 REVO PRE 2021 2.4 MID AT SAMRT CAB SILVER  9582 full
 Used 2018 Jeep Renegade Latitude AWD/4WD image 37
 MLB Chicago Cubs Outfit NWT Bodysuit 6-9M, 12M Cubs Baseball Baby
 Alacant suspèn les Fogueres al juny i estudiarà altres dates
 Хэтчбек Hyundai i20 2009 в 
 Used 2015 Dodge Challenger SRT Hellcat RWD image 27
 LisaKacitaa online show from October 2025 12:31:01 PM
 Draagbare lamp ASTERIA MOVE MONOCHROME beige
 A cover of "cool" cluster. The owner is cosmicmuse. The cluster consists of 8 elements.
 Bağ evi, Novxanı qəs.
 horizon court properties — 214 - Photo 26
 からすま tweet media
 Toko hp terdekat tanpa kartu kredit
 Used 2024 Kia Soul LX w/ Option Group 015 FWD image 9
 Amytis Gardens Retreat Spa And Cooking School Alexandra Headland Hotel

### TO DO
Write out, word for word, the line containing "Used 2015 Dodge" and all the lines after it in the entries above, and nothing more.

### RESPONSE BELOW
 Used 2015 Dodge Challenger SRT Hellcat RWD image 27
 LisaKacitaa online show from October 2025 12:31:01 PM
 Draagbare lamp ASTERIA MOVE MONOCHROME beige
 A cover of "cool" cluster. The owner is cosmicmuse. The cluster consists of 8 elements.
 Bağ evi, Novxanı qəs.
 horizon court properties — 214 - Photo 26
 からすま tweet media
 Toko hp terdekat tanpa kartu kredit
 Used 2024 Kia Soul LX w/ Option Group 015 FWD image 9
 Amytis Gardens Retreat Spa And Cooking School Alexandra Headland Hotel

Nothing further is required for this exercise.